● **Problem description**
Copy each line below as it stands, but skip any picture it contains.

● **Input material**

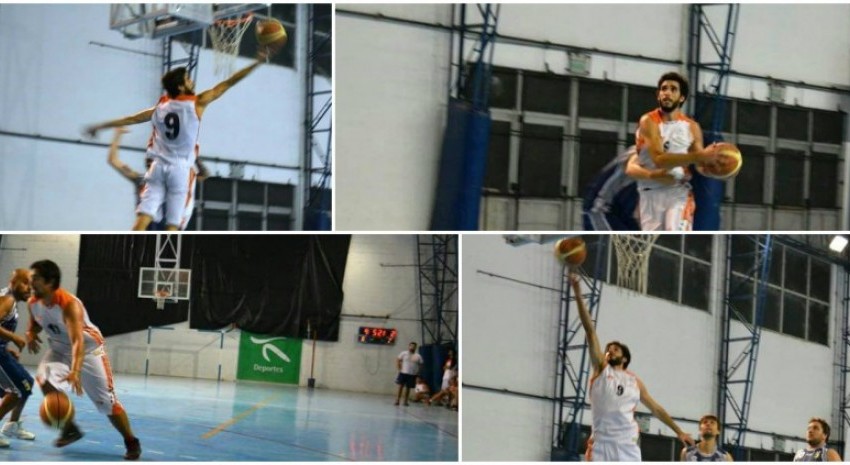 basquet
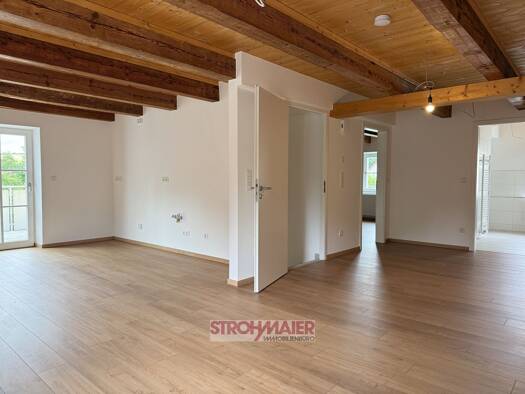 Wohnung zur Miete 620 € 2 Zimmer 80,2 m² EG Sendelbach Engelthal 91238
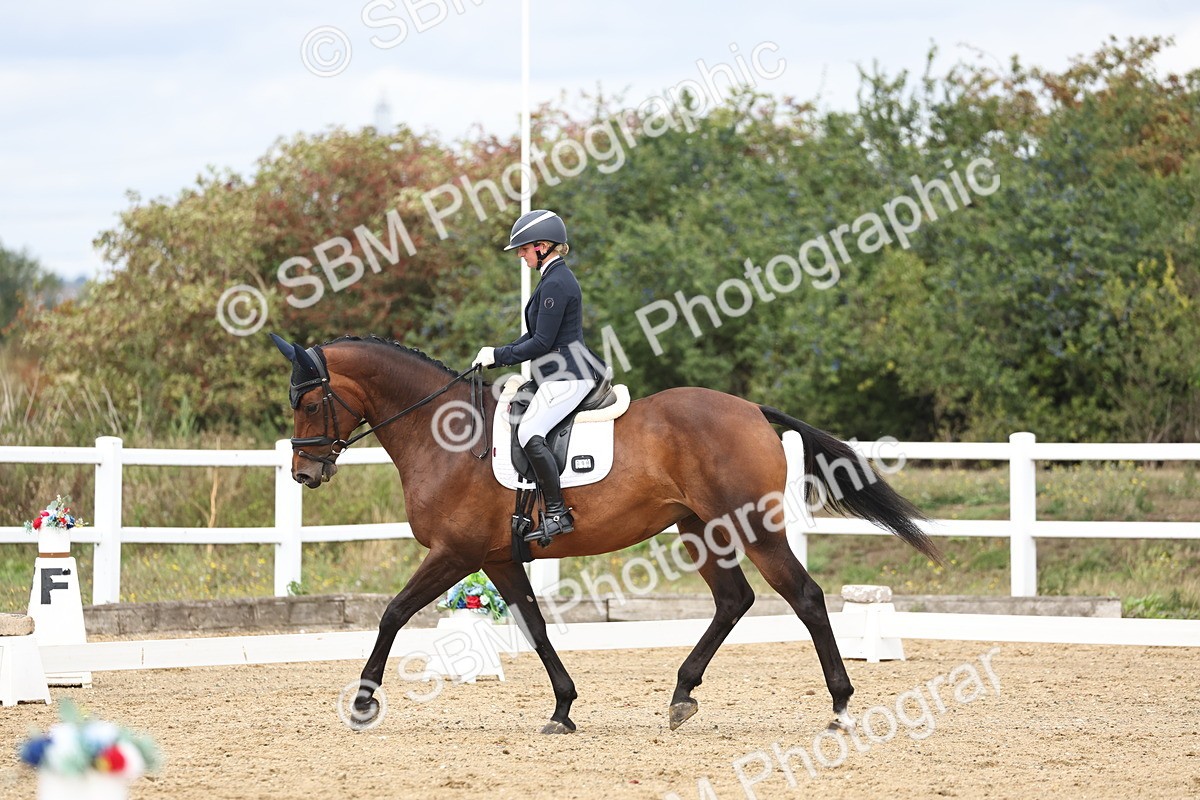 SBM_002539 - Class 7 - Novice 2 Warm Up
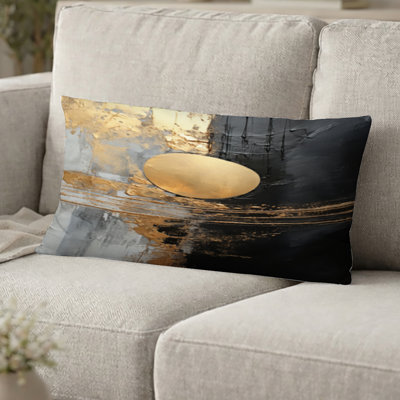 Coussin décoratif moderne Modern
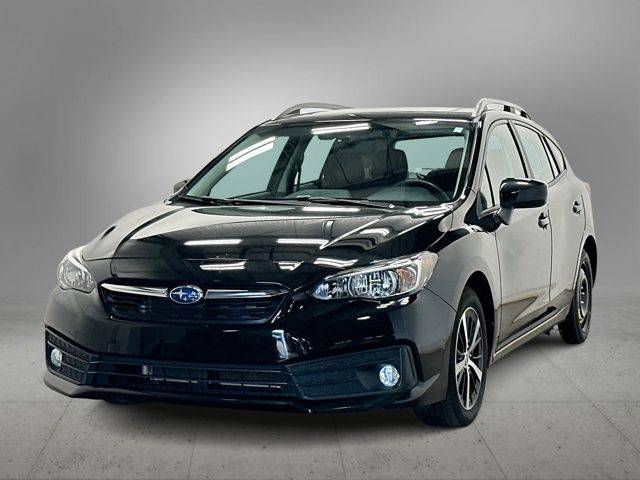 2023 Subaru Impreza Premium AWD photo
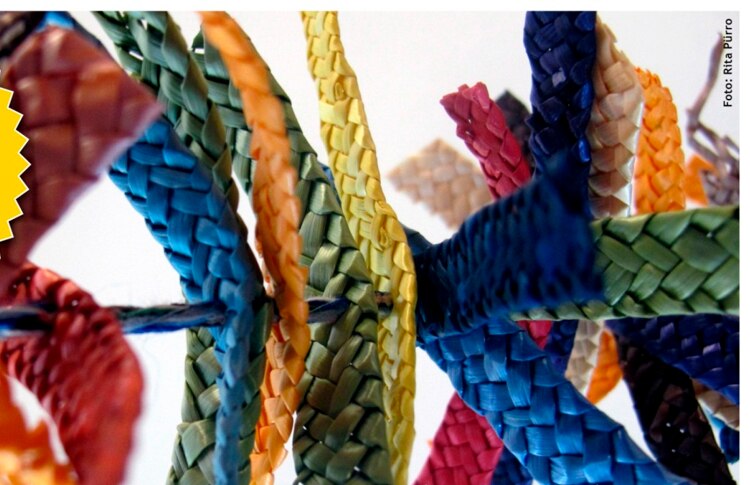 Bibliodrama Abend —
Bibel erleben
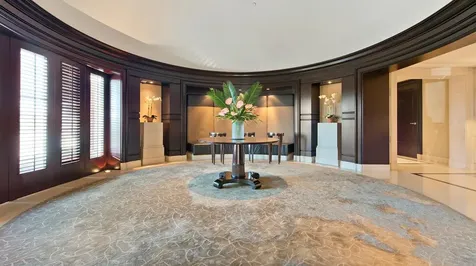 240 Riverside Boulevard New York City NY 10069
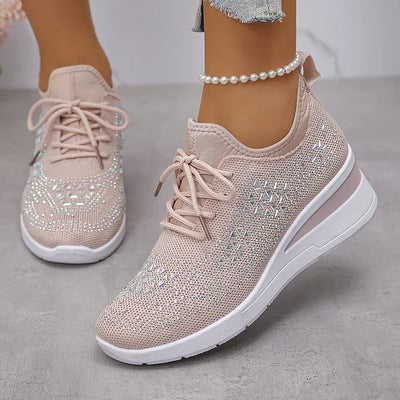 Vayla | Stylish Everyday Sneakers
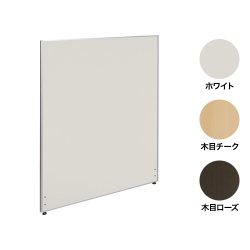 メラミンパーティション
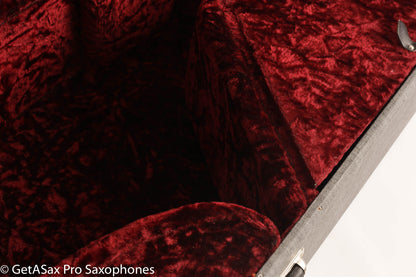 Selmer Case Only Mark VI Baritone Mint Unbelievable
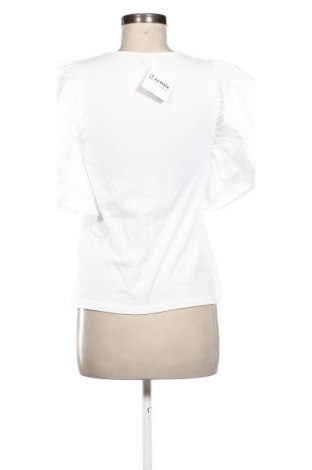 Bluză de femei Reserved, Mărime M, Culoare Alb, Preț 52,13 Lei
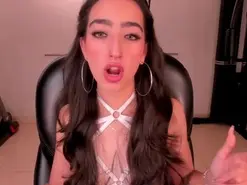 Amateur Adult Webcams of LarisaSmirnov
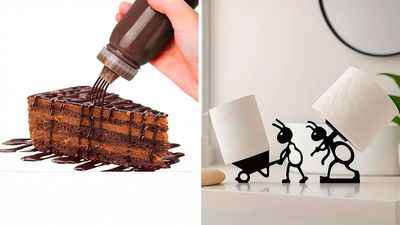75 goofy-looking things you didn't know existed but are so damn clever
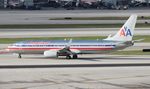 N879NN @ KMIA - MIA spotting 2014 - by Florida Metal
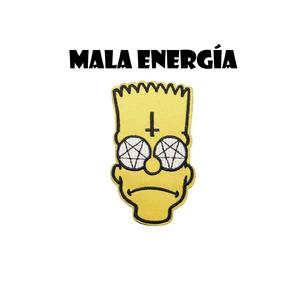 Picture for song 'Mala energia' by artist 'DJ Ruso'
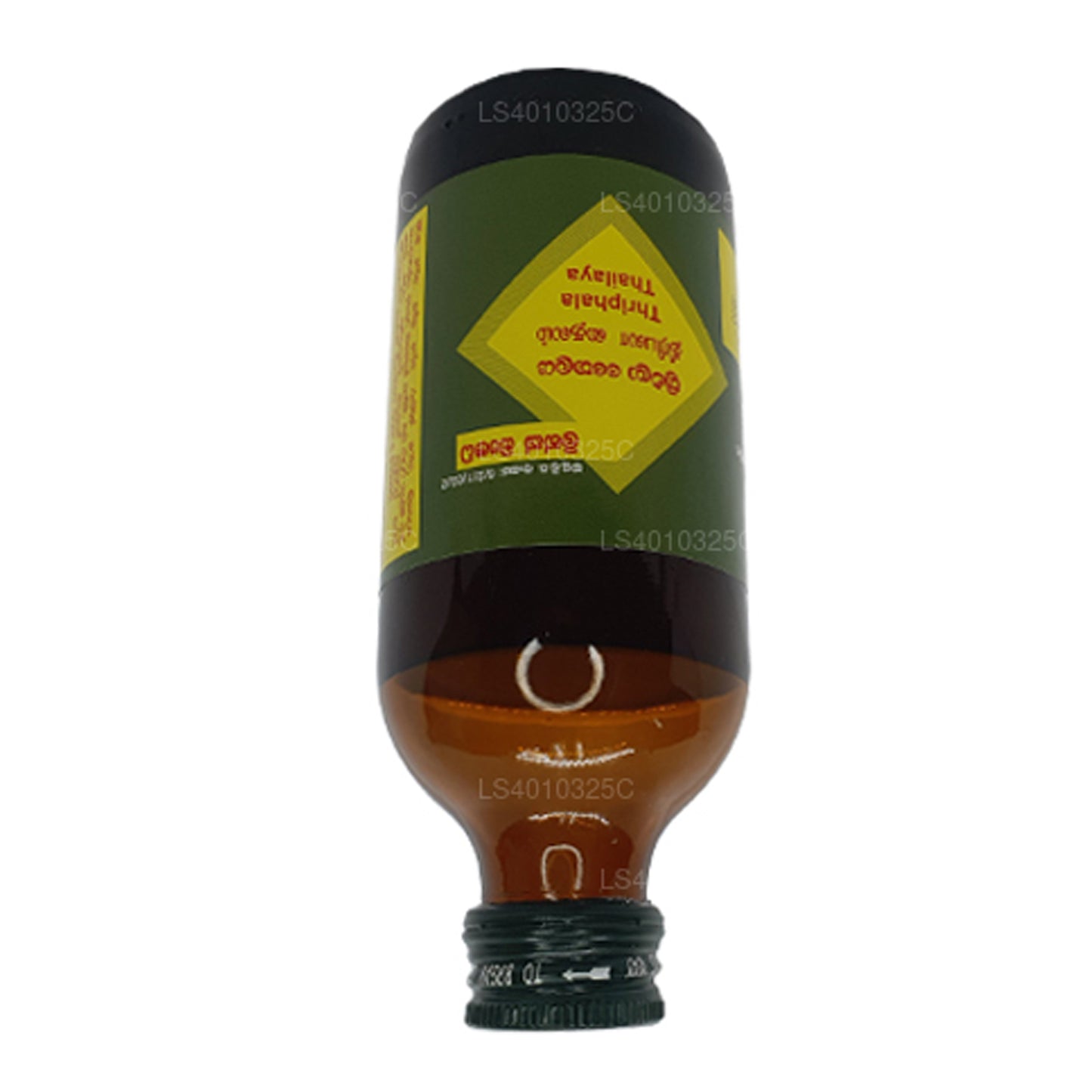 链接 Triphala Oil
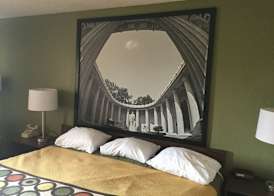 Super 8 by Wyndham Youngstown/Austintown 5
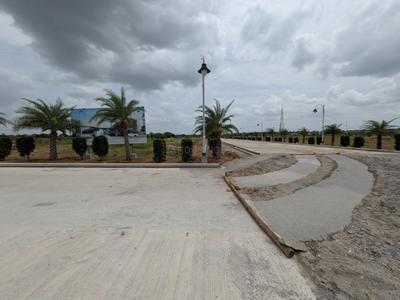 Image of 222 Sq.ft Residential Plot / Land for sale in Varahi Whealth Atoms, Sangareddy Town, Sangareddy for Rs. 4218000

● **Expected output**
 basquet
 Wohnung zur Miete 620 € 2 Zimmer 80,2 m² EG Sendelbach Engelthal 91238
 SBM_002539 - Class 7 - Novice 2 Warm Up
 Coussin décoratif moderne Modern
 2023 Subaru Impreza Premium AWD photo
 Bibliodrama Abend —
Bibel erleben
 240 Riverside Boulevard New York City NY 10069
 Vayla | Stylish Everyday Sneakers
 メラミンパーティション
 Selmer Case Only Mark VI Baritone Mint Unbelievable
 Bluză de femei Reserved, Mărime M, Culoare Alb, Preț 52,13 Lei
 Amateur Adult Webcams of LarisaSmirnov
75 goofy-looking things you didn't know existed but are so damn clever
 N879NN @ KMIA - MIA spotting 2014 - by Florida Metal
 Picture for song 'Mala energia' by artist 'DJ Ruso'
 链接 Triphala Oil
 Super 8 by Wyndham Youngstown/Austintown 5
 Image of 222 Sq.ft Residential Plot / Land for sale in Varahi Whealth Atoms, Sangareddy Town, Sangareddy for Rs. 4218000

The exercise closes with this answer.